All the time I am thinking about what today’s topic is for later, do I have separate age appropriate tasks for each or can they both do the same thing? Where did the teacher say the video was for that? Was it in an email or on an app? What am I cooking them for lunch? Which of their clubs are doing virtual classes today? What exercise shall I try and get them to do in the garden? You get the gist.

I’m also trying to think about whether the laundry has finished in the machine. I’m having to think ahead about food in a way I don’t normally need to. I can’t just pop out whenever I need to get 1 thing. For a start I’m not supposed to take the kids shopping and some of our local shops have even banned kids. So then I can only go when my husband can be with the kids, and even then there is no ‘popping’ anywhere. I queued for 45 mins the other day to get into wilko to buy bin liners and Antibac wipes and a couple of other things I couldn’t find anywhere else. Because they are still restricting the amounts of things I can at least buy them, but not enough so I will have to go back and queue another day to buy more.

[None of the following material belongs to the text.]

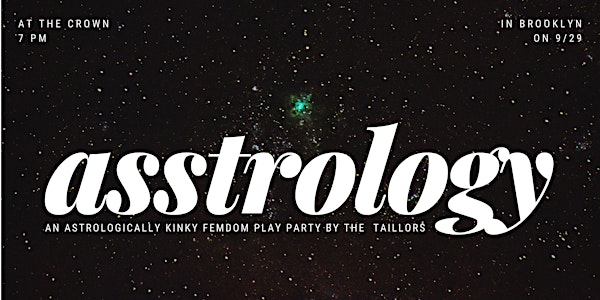 Asstrology — a queer play party by the Taillors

Sorry rambled off subject there. I guess my point is that my brain is working so hard in a way that it never has before.

It is not made easier by the fact that my kids are, well, kids and they don’t always want to do the learning their teacher has sent them. My daughter and I clash at the best of times, she normally does homework with Daddy because she will do more for him than for me. It’s a personality thing, I can generally get more work out of Leo than daddy can, so I help him with his homework. We don’t have the luxury of sharing this out though. This is day in, day out, just me and them. I’m lucky, I just have 2. One friend with almost identical aged kids also has a 1 year old to throw into the mix. Chaos!

I know some mums would read this and say why bother? Why push yourself so hard? Why push your kids? My kids are bright and inquisitive kids. They like to be busy. Yes of course I leave them to be bored sometimes but I guess I like to be busy too. It keeps us all going, even though its hard. And I don’t push too hard when they really don’t want to do something. Liberty’s task from school this afternoon was to listen to a cbeebies radio programme for 10 minutes…. She was having none of it and lay on the floor screaming at the prospect. Considering we had done maths and English and art and some PE, I looked at her, though F*** that, got out her box of dolls and started playing with them so she joined me. Leo meanwhile finished his geography then aced his spellings bless him and was dead happy to do so.

Every day is different but this has been today and yesterday, getting back into schooling from home. I’m hoping it gets easier.